Kontrollmöglichkeiten dieser Art sind in verschiedener Form in den großen Volkswirtschaften der Erde etabliert. Hierbei ist es besonders signifikant, dass sich diese Kontrollorgane insbesondere in den Kriterien unterscheiden, die letztendlich zur Untersagung einer Fusion führen.

Die vorliegende Arbeit befasst sich mit drei relevanten Testverfahren der Fusionskontrolle, dem Marktbeherrschungstest, dem SIEC-Test und dem SLC-Test. Ziel der Arbeit ist es, die Charakteristika der Verfahren herauszuarbeiten sowie Unterschiede und Gemeinsamkeiten gegenüberzustellen.

Hierzu wird in Kapitel 2 zunächst eine Einführung in die Fusionskontrolle gegeben, wobei insbesondere auf horizontale Fusionen eingegangen wird.

Kapitel 3 stellt die drei Testverfahren der Fusionskontrolle vor. Dabei kommen das Anwendungsgebiet, die Kriterien zur Untersagung und ein Anwendungsbeispiel aus der Praxis zur Sprache.

Die Stärken und Schwächen der vorgestellten Fusionskontrollverfahren werden in Kapitel 4 erläutert.

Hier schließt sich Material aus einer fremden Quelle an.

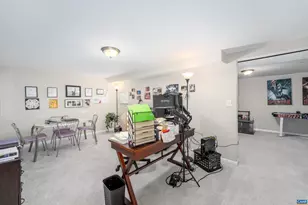 5343 Amicus Rd, Ruckersville, VA 22968 - Photo 31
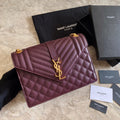 MC-YSL-Bags-4103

2. Einführung in die Fusionskontrolle

„Aufgabe der Wettbewerbspolitik ist es, im Interesse der Verbraucher sowie aller Unternehmen unabhängig von der Größe und Rechtsform Märkte offen zu halten bzw. zu öffnen, wo dies erforderlich ist. Funktionierender Wettbewerb ist eine wesentliche Voraussetzung für Wachstum und Beschäftigung in unserer Volkswirtschaft“.[1]

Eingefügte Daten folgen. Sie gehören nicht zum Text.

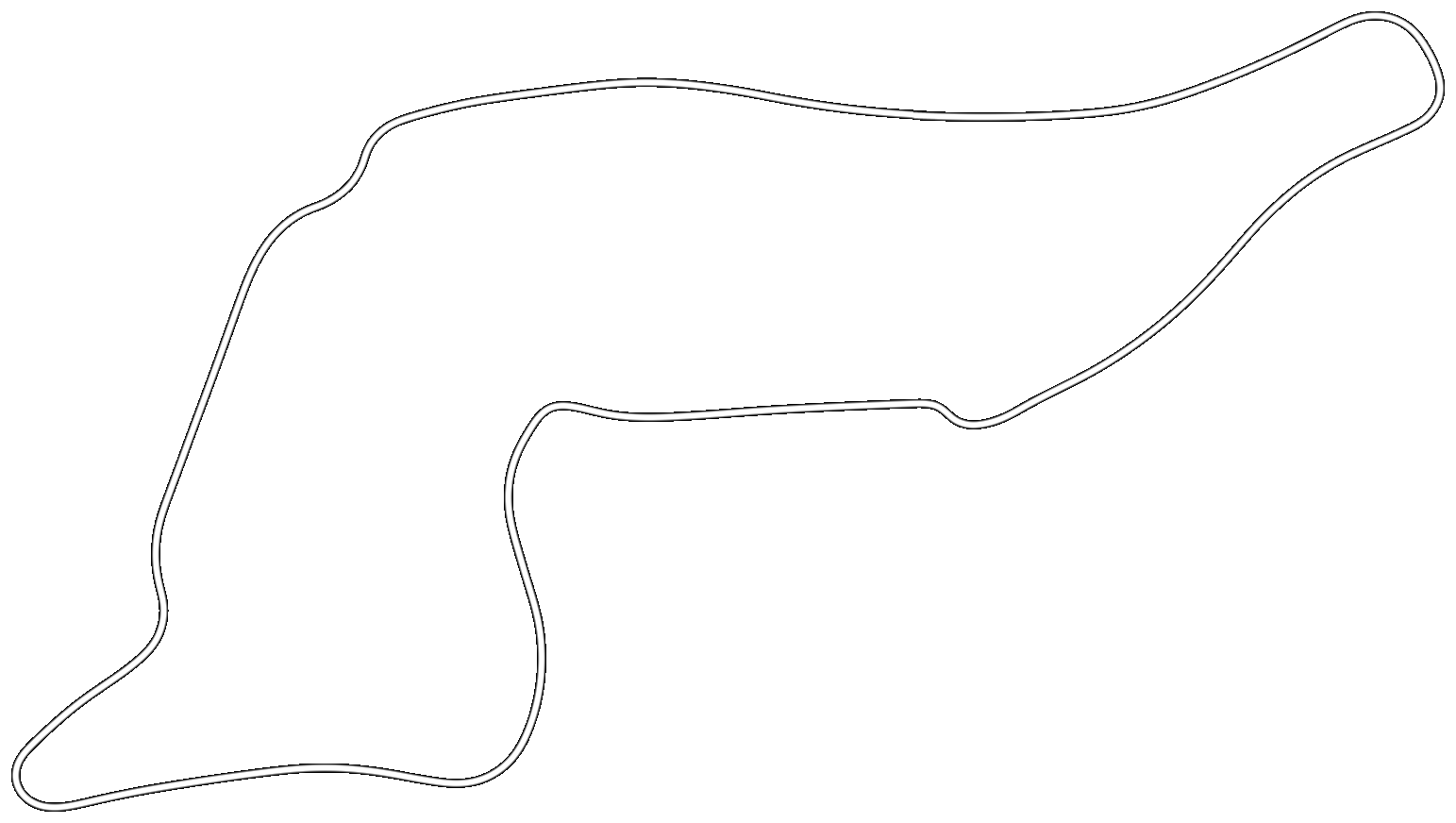 tcr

Die Fusionskontrolle überwacht Zusammenschlüsse großer Unternehmen. Hierbei geht es darum, ob durch einen Zusammenschluss eine marktbeherrschende Stellung entsteht oder verstärkt wird bzw. ob wirksamer Wettbewerb behindert wird. Als Ergebnis kann ein Zusammenschluss verboten oder nur unter bestimmten Auflagen genehmigt werden.

Allerdings lassen sich hierbei entscheidende Unterschiede in den Voraussetzungen für Fusionskontrolle in einzelnen Staaten oder Staatenbünden feststellen.

In Europa stellen die EG-Verträge von 1957 die Grundlage für die Fusionskontrolle, hierbei finden sich sowohl Bestimmungen über das Verbot wettbewerbsbeschränkender Vereinbarungen und Verhaltensweisen (Art. 81 EGV), als auch Bestimmungen über die missbräuchliche Ausnutzung einer beherrschenden Stellung (Art. 82 EGV). Zur Umsetzung dieser Gesetzesvorschriften wurde 1990 erstmals die Fusionskontrollverordnung (FKVO) installiert.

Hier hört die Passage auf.